I know we’re all donning the green jersey, ready to fight a second war, if necessary, against the hated Brits, and lining up to denounce the fluffy-haired charlatan they have chosen as their Prime Minister, but, come on, was anyone really offended by the phrase “dead in a ditch”?
Apparently we were, according to the Irish Independent’s Kevin Doyle:
Kevin from Irish Independent to BJ: When you talk about people being dead in ditches I don't think you understand what's been happening here.
— Adam Boulton (@adamboultonSKY) September 9, 2019
I thought the purpose of journalism was to ask questions that the public do not know the answer to, and then provide that information to the public. Apparently, I was wrong, and the purpose of journalism is to try and make yourself the star of the show.
Anyway, to the point of the question.
Doyle, obviously, was suggesting that when Johnson said he would rather be “dead in a ditch” than seek a Brexit extension, he was in some way being insensitive to the thousands of people left dead in ditches, or elsewhere, during the many long years of violence in Northern Ireland.
The angle is that by being intransigent on the Irish Government’s demand for a backstop, the UK Prime Minister is risking others being dead in a ditch, and not himself.
Does anyone really think though – I mean, honestly – that the UK Prime Minister’s words were offensive? Does anyone think he was trying to incite violence by using that phrase?
What was the purpose of this question? Did it seek to extract new information from Johnson? Do we feel more informed because it was asked?

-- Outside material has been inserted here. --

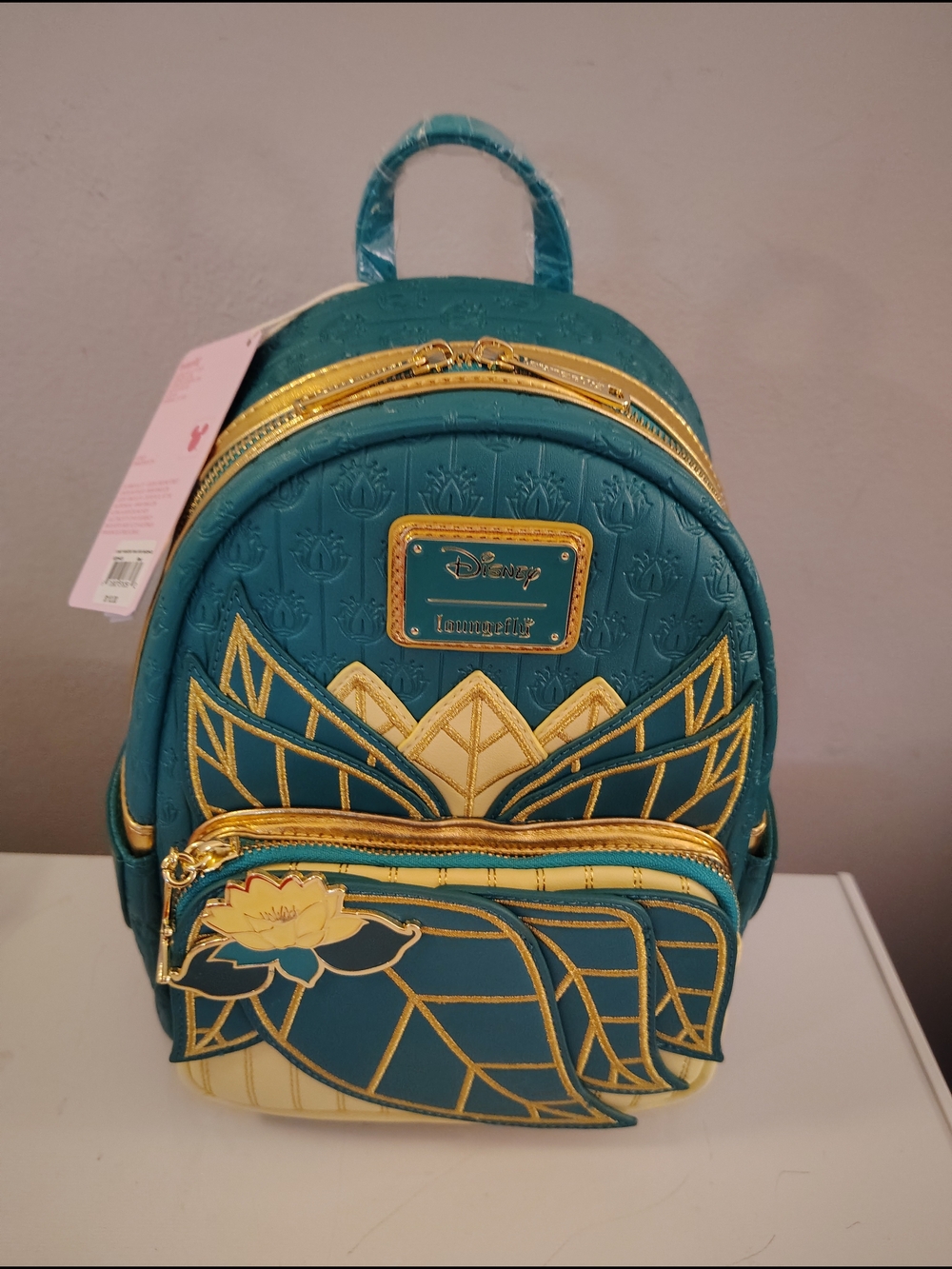 Disney Loungefly Princess Tiana Princess And The Frog Teal & Gold Mini Backpack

The truth, of course, is that the true purpose of the question was to try and provide some kind of embarrassing soundbite that could be used, back in the UK, by Johnson’s domestic opponents. Doyle wasn’t trying to be a journalist here; he was trying to be a politician.
Now, most people in Ireland won’t care a damn, because after all, it’s the hated Boris Johnson, and sure doesn’t he deserve to be brought down a peg or two? But this is also how the Irish media operates nearly all the time, here at home.
What was telling this morning was that the Irish media, which exists to hold Irish politicians to account, was far more interested in asking hard questions of the visiting leader than it was of asking tough questions of Varadkar.
This fits a pattern. Last week’s visit of Mike Pence gave Irish journalists a chance to do what they like to do more than anything else in the world: showcase their ability to “speak truth to power”. Miriam Lord was happy to declare that Pence “shat on the carpet” on Dublin, and this was followed by many pats on the back from her colleagues when her piece was shared by domestic opponents of Pence in the United States.
The problem is that for all their tough words for foreign leaders, they have virtually no interest in speaking truth to power in their own back yard. Journalist after Journalist has left the Irish media to take up a job in this Irish Government. Varadkar presides over the worst health service in modern memory, a housing crisis where people are literally dying in the streets, and a situation where thousands of children with disabilities cannot access basic services.
The Irish media relentlessly suggests that the UK Government may be risking lives with its Brexit policy. But here at home, would any of them for a moment suggest, after the death of a homeless person last week, that the Irish Government has blood on its hands?
Not a chance. Might hurt their chances at being hired for a special advisor job.
When it comes to their own back yard, they’re not interested in “speaking truth to power” at all. They’re a bunch of preening lapdogs.